According to the will of John Ioor, Sr. of St. George’s Parish written in 1768, proved in 1772 and recorded in Will Book 14, Page 33; the wife of Joseph’s father was not Mary Wallace but Catherine and Joseph was one of six children- John, George, Catharine, Joseph, Sarah and Mary. The fact that John Ioor, Sr. was married to Catherine in 1768, that all six children were born before that time and that Mary Wallace died in 1785 would seem to preclude her from being the mother of any of the Ioor children, unless of course her full name was Mary Catherine Wallace Ioor. Less than one year prior to his death on the frigate Randolph, Joseph Ioor placed an advertisement in the 9 June 1777 edition of the Gazette of the State of South Carolina for sale of a 600-acre plantation approximately 30 miles from Charleston. This property was apparently left to him and his brother John, Jr. by their father. The notice calls for buyers to entreat himself or John at the Cypress, an old plantation also called the Pond about twenty miles upstream from Charleston on the Ashley River which his brother acquired in 1771. It also advertises for sale “Four Rice Stores in Dorchester, sufficient to contain 400 barrels: they are well calculated for a Dry Good Store; apply as above.” Dorchester was a nearby colonial town on the banks of the Ashley.
Joseph Ioor’s will proved on 12 June 1783 and recorded in Will Book 20, Page 174 clearly identifies himself as Captain in the 1st South Carolina Regiment and names his brothers John and George as executors. His will directs that his “whole estate be sold” and to “give to my good friend Joseph Elliott of the first Reg’t of South Carolina all my wearing Apparel and seven hundred pounds.” The remainder of his estate was to be left to “my Sisters Sarah and Mary”. Joseph Ioor’s good friend Joseph Elliott would succeed him as Captain of the 1st Regiment on 16 November 1788 and follow him in death just three years later in late Spring 1781. Joseph Ioor’s will was witnessed by Simeon Theus, fellow captain of the First SC Regiment of foot, Ebenezer Simmons and Ebenezer Roche.
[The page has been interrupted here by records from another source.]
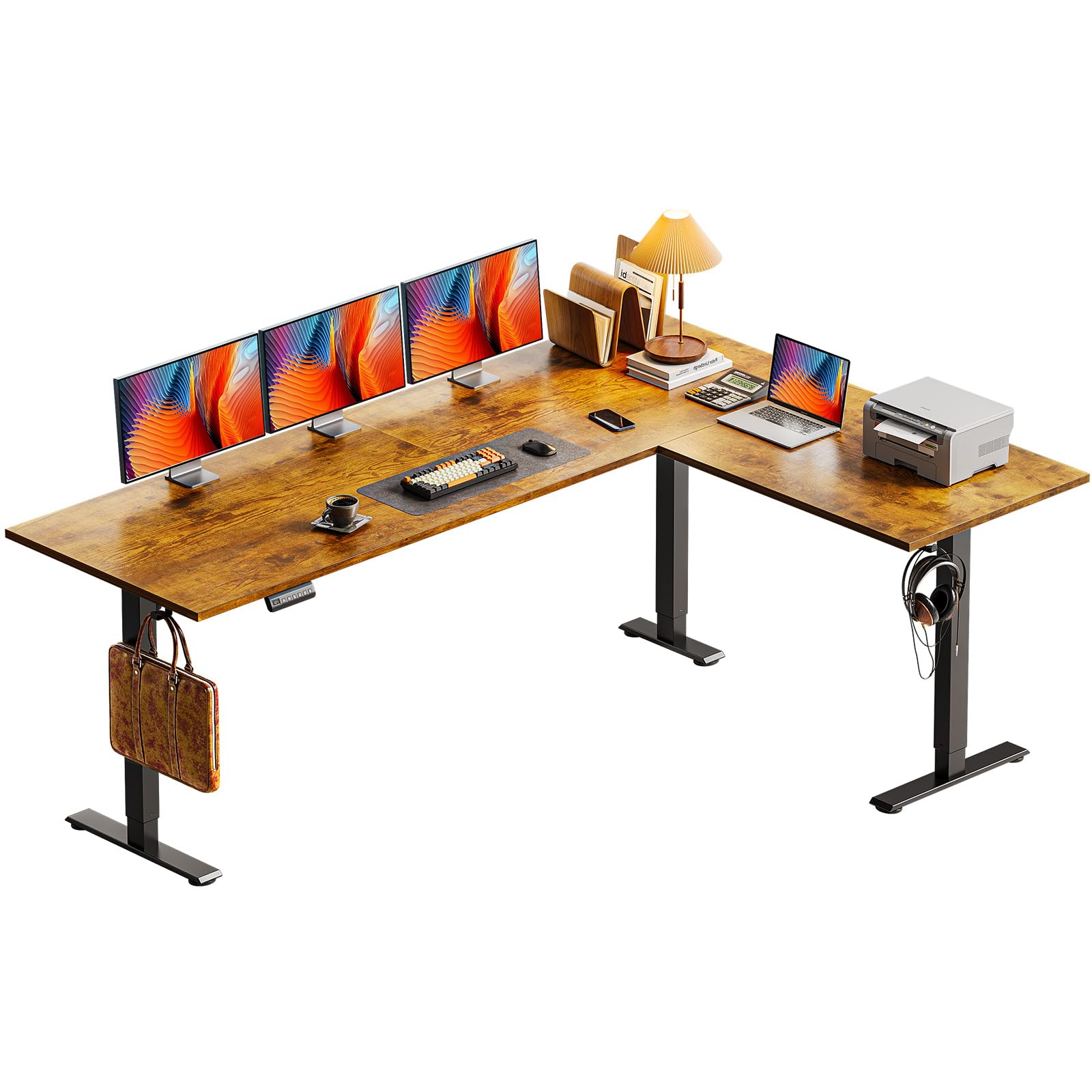 A person standing at the Casaottima 71 Inch Reversible Electric L Shaped Standing Desk, which is set up with multiple monitors and a laptop in a home office environment.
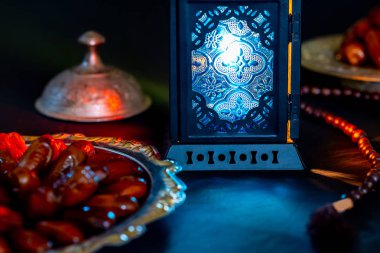 Karanlık bir arka plan üzerinde bir tepsi üzerinde tarihleri ile Ramazan Kareem kutsal ayın Müslüman bayram. Parlayan bir fener Fanus ile güzel arka plan.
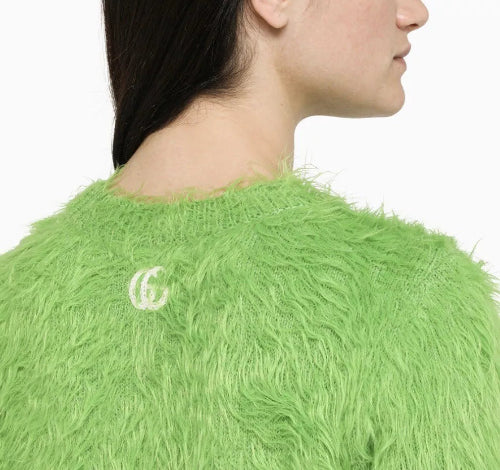 Close-up of a green fluffy garment with a logo on a white background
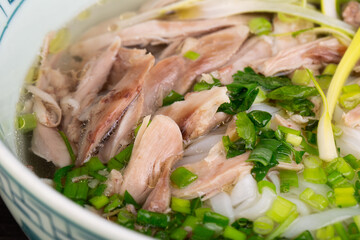 Chicken fillet pieces in soup with rice noodles and chopped greens
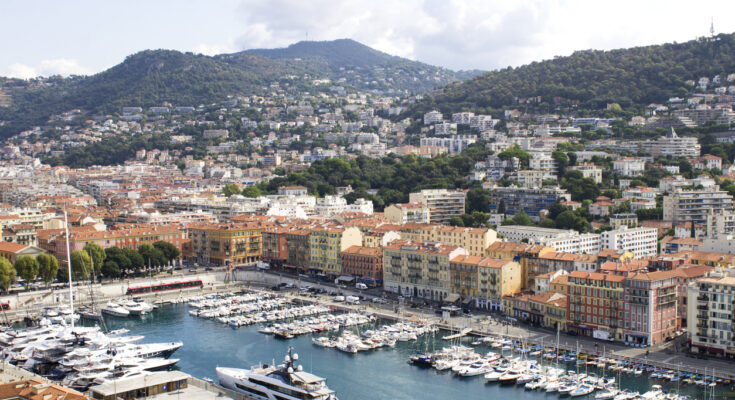 Ein Hafenbecken liegt vor einer Reihe farbiger Häuser und grüner Hügel.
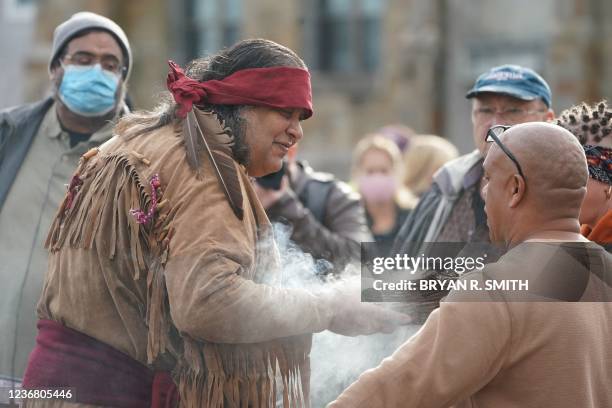 Julio Whitewolf of the Seminole and Taino tribes performs a smudging ceremony at the National Day of Mourning, on Thanksgiving day, November 25, 2021...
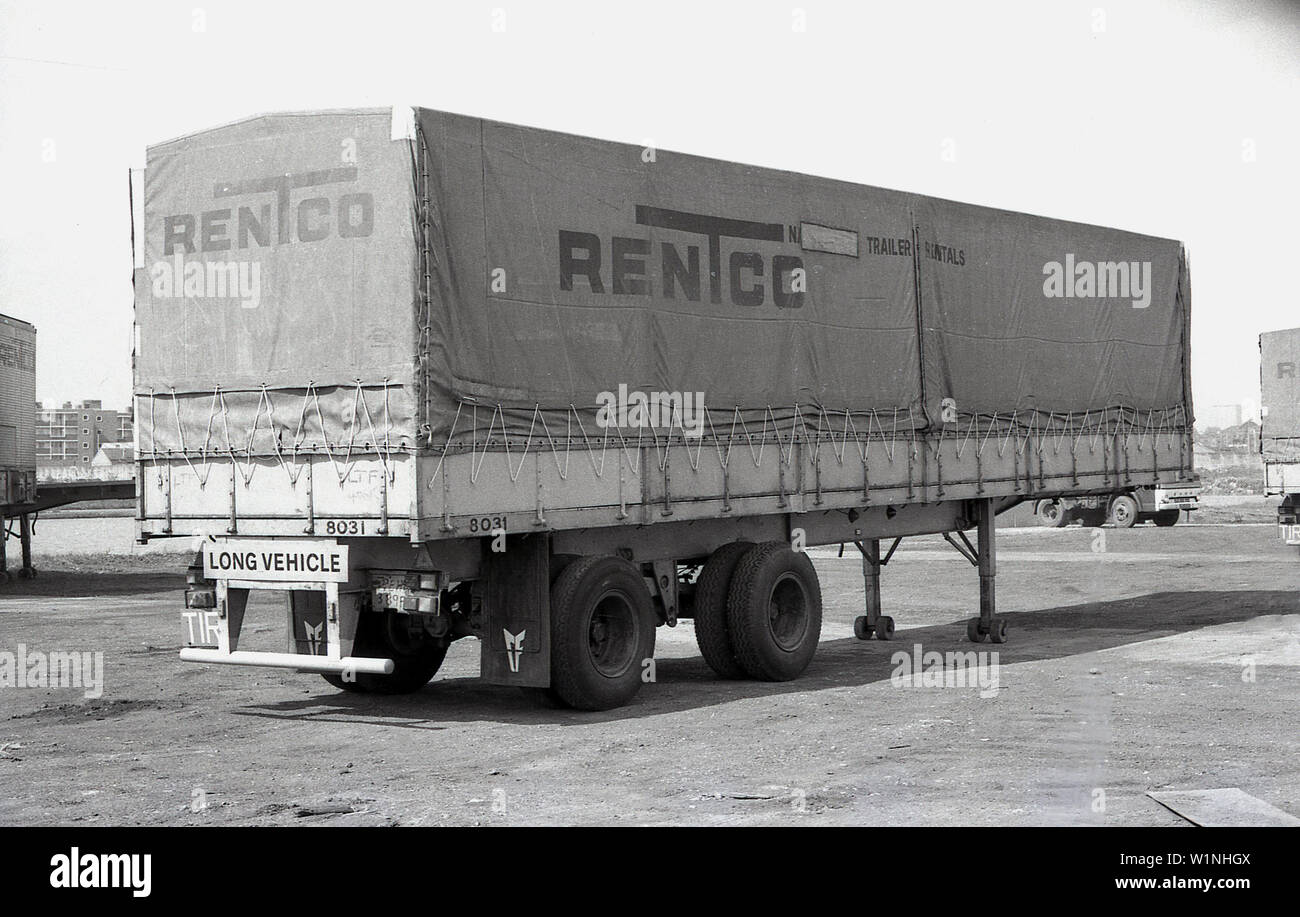 1970s, historical, a trailer of a truck parked outside in a industrial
Simmons, one of Ioor’s Lieutenant’s on board the frigate Randolph, would also lose his life in the explosion on 7 March 1778. The captain’s nephew, son of his younger sister Mary (1756-1814) and Joseph Waring, was named Joseph Ioor Waring (1795-1852) in his honor. Another nephew William Ioor MD (1780-1850), son of the Captain’s oldest brother John and his wife Elizabeth Bradwell, would write the first play authored by a South Carolina native entitled “The Battle for Eutaw Springs”. Captain Joseph Ioor’s other brother George married Frances Guignard and owned a plantation named Clermont near Statesburg, SC. Elizabeth Anne Poyas in “Our Forefathers: Their Homes and Their Churches” (1860) remembers Joseph Ioor’s mother “as ‘the beautiful Dutch Lady,’ the envy of her compeers, the admiration of children” and more particularly for wearing the “little linen cap of her grandmother”.